§ **Supplied material**:
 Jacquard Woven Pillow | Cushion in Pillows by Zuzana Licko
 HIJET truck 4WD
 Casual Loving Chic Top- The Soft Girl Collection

---

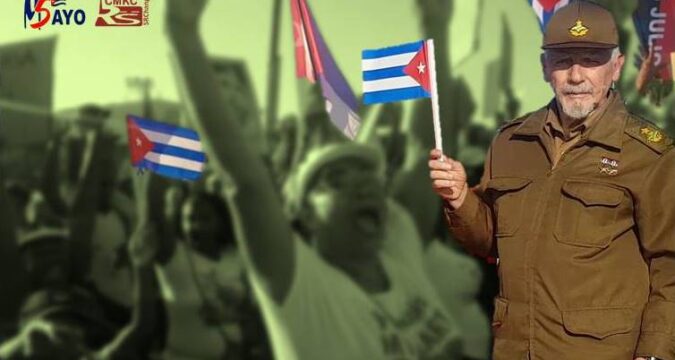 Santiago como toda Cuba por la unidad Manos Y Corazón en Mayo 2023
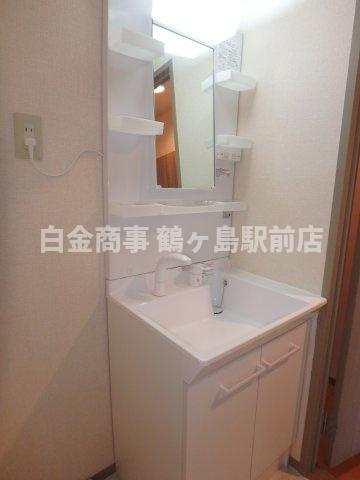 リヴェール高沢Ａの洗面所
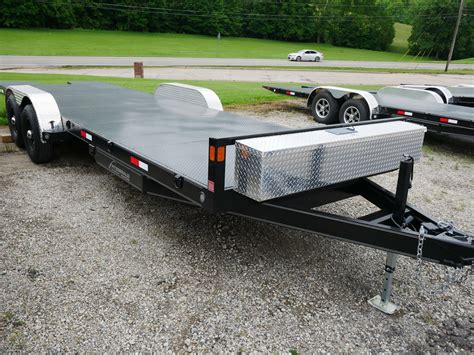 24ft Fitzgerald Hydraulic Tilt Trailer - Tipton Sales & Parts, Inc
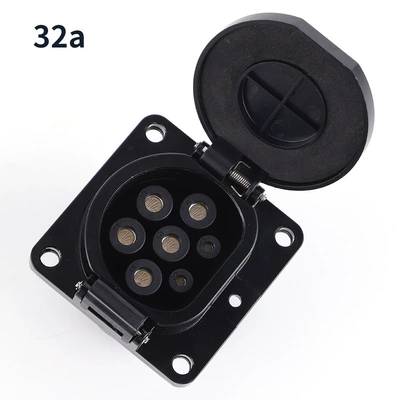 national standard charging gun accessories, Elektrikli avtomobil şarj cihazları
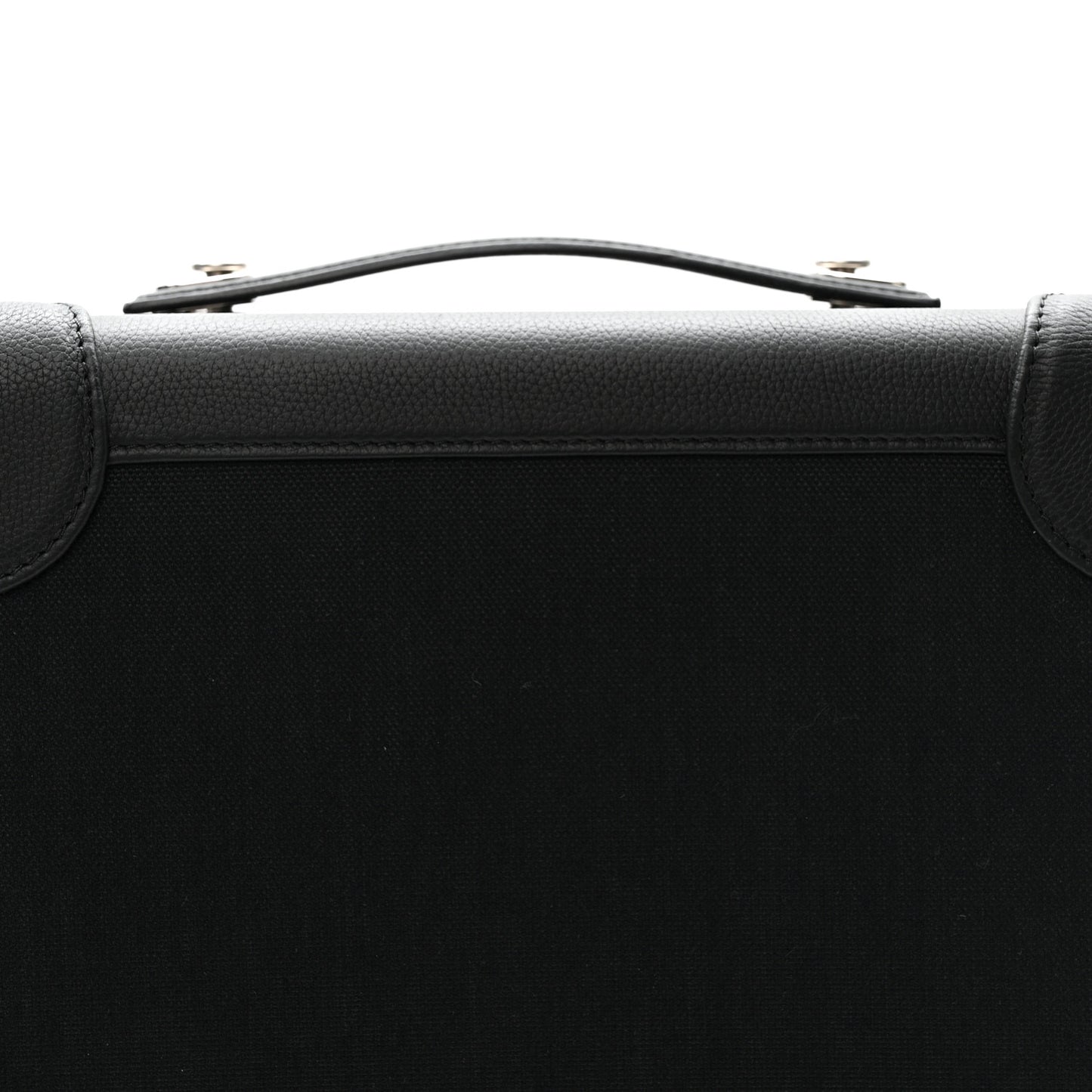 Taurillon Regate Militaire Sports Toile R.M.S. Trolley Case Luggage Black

* * *

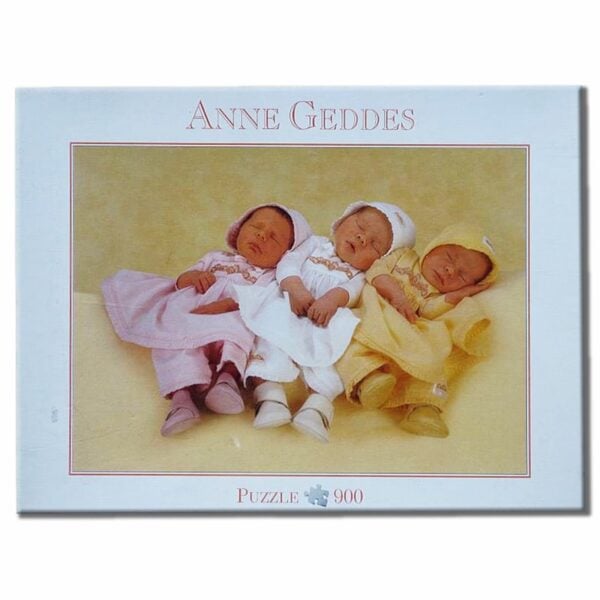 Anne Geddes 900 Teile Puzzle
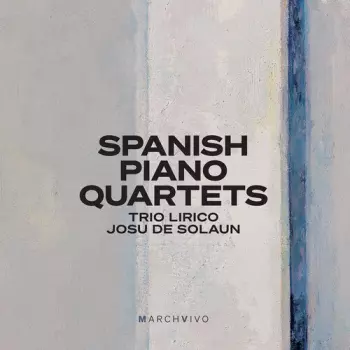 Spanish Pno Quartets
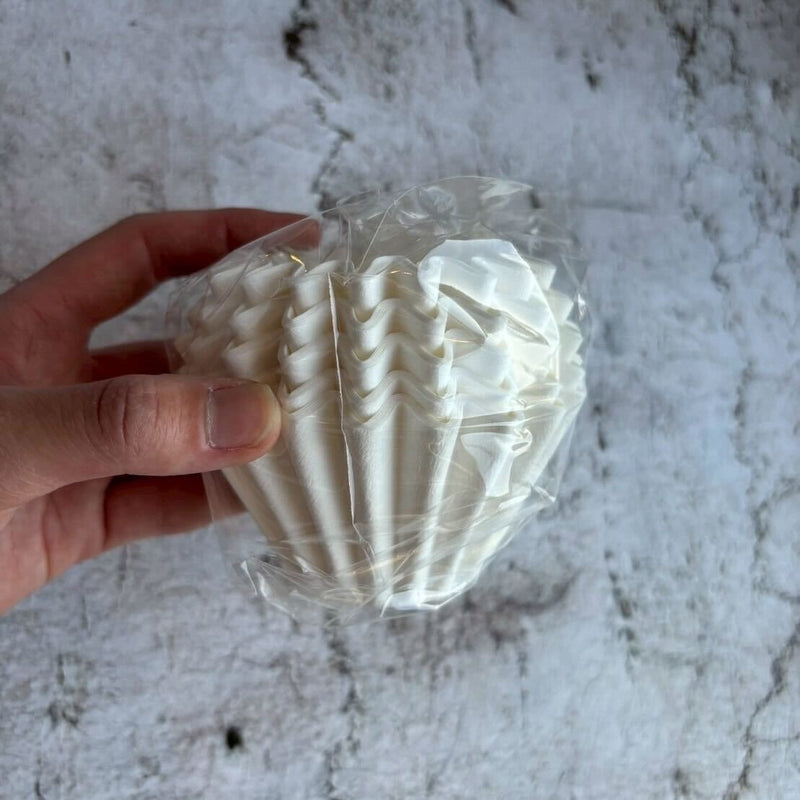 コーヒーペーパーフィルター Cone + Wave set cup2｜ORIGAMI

§ **Task**: Look through the material above. Transcribe exactly the lines between the ones with "Santiago como toda" and "Taurillon Regate Militaire", inclusive, and keep pictures out.

§ **Response**:
 Santiago como toda Cuba por la unidad Manos Y Corazón en Mayo 2023
 リヴェール高沢Ａの洗面所
 24ft Fitzgerald Hydraulic Tilt Trailer - Tipton Sales & Parts, Inc
 national standard charging gun accessories, Elektrikli avtomobil şarj cihazları
 Taurillon Regate Militaire Sports Toile R.M.S. Trolley Case Luggage Black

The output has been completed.